20 fevereiro 2010

Irrelevantemente relevante

São seis menininhas sentadas frente a frente, na grande mesa de madeira do pátio da escola. Três de um lado, três do outro. Cinco estão ansiosas e a sexta, ao meio, no lado direito, faz mistério. Não têm mais que seis anos cada. Todas já cantaram “meu lanchinho, meu lanchinho”, agradeceram ao papai do céu, tomaram o suco das garrafinhas coloridas e agora esperam pela revelação do segredo. Aquela que faz mistério segura uma caixinha de papelão. A outra, ao seu lado, pede: “abre”. Ela ri, como quem sabe de algo mais que as outras, e obedece. De dentro da caixa sai um ovo. Ela fala que não, não é um ovo: o nome daquilo e CA-SU-LO, olha só, é macio. E aperta um pouquinho. A que está sentada à sua frente faz o mesmo, com o dedo indicador. A dona do casulo manda um tapa na mão da amiga: não pode, só eu! E então avisa: olha só, vai sair, fica olhando. E acontece. Do pequeno buraco no canto do casulo surge o bichinho. Pequeno, branco, mole. A vida acontecendo diante do olhar curioso das menininhas. Duas se encolhem, segurando os joelhos, os pés sobre o banco. Uma, cotovelos sobre a mesa, se aproxima do bichinho. Outra coça a cabeça, de boca aberta. A dona do casulo sorri, observando as reações. A sexta menina, sentada no canto, no lado esquerdo da mesa, olha assustada: o bicho vai em sua direção. Ele segue, inocente e rastejante, enquanto cresce diante dos olhos da pequena menina. As outras estão admiradas. Ela olha para próprios pés, tira a melissinha e, num gesto ligeiro, antes que a dona do casulo pudesse interceder, esmaga a lagartinha. Levanta e vai brincar no balanço: coisa idiota que é bicho-da-seda.

***

Era isso que eu devia ter feito, 20 anos atrás, pra hoje não fugir que nem besta quando chega a época em que os coqueiros se enchem de lagartas.
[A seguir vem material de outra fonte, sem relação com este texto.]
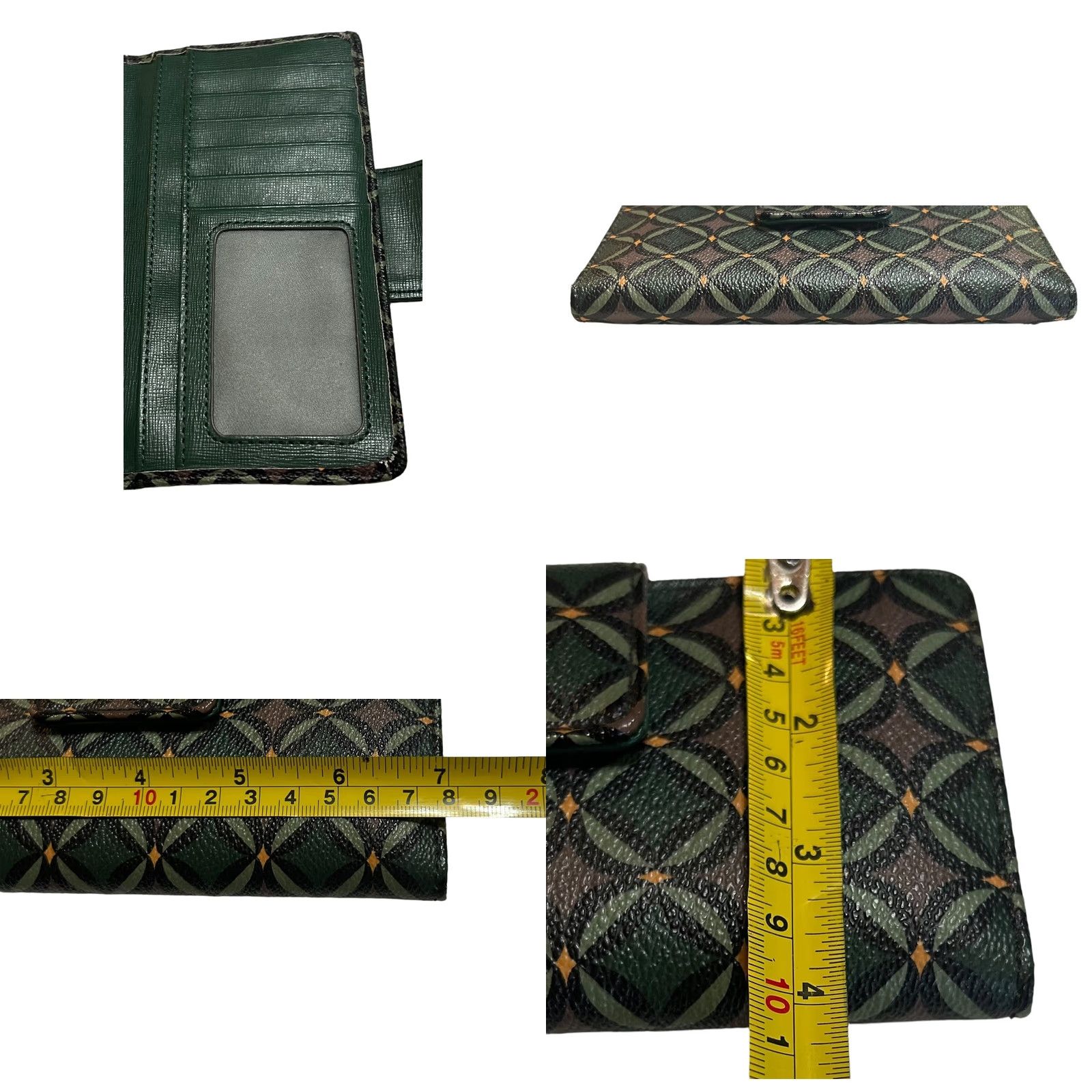 Fossil Fossil Wallet Geometric Green Leather Bifold Credit Card ID Holder Women’s Zip-Around Size ONE SIZE - 8 Thumbnail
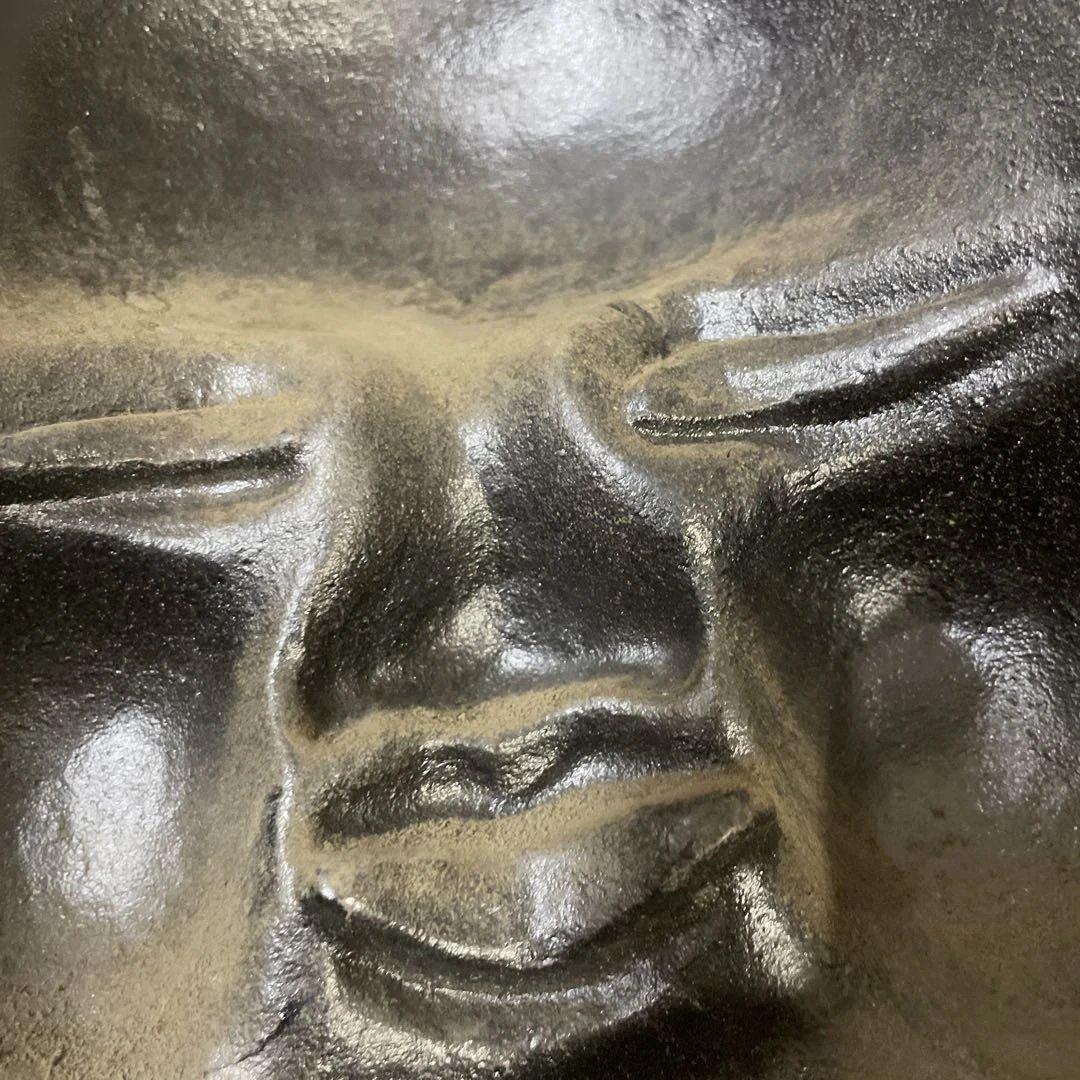 金属製オタフク お福様ふっくらした頬 お福様のお面 骨董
*Depois que escrevi este post, minha tia (oh yes, a família lê) atentou para o fato de que o que sai do casulo é a borboleta, não a lagarta. Faz sentido. Porém, a cena é clara na minha memória: lagartinha saindo do casulo. Resolvi perguntar ao @MarkinDoMatto, que é veterinário e agrônomo e disse o seguinte: "ela entra no casulo como lagarta só sai qdo é borboleta... ela pode ter saido pq a menina estava manipulando um casulo que deveria estar paradinho enrolado numa folha...". Faz sentido, too. E sorte minha ser medrosa. Eu poderia ter matado uma pobre lagartinha prematura.

4 comentários:

AleXXX disse...

Caramba, mó intimidade com o 'contar histórias'. Eu tb me esforço pra isso. Muito gostoso te ler. vou ver os outros textos!

Michele Matos disse...

Huahuahuahuaha perfeito!
Perfeito o texto e perfeita a atitude da menina.

Anônimo disse...

Bicho-da-seda,não sei pq, parece banda de reggae.

Marcos V.

VetAgro disse...

Aí sim fomos surpreendidos novamente! que honra ser citado aqui!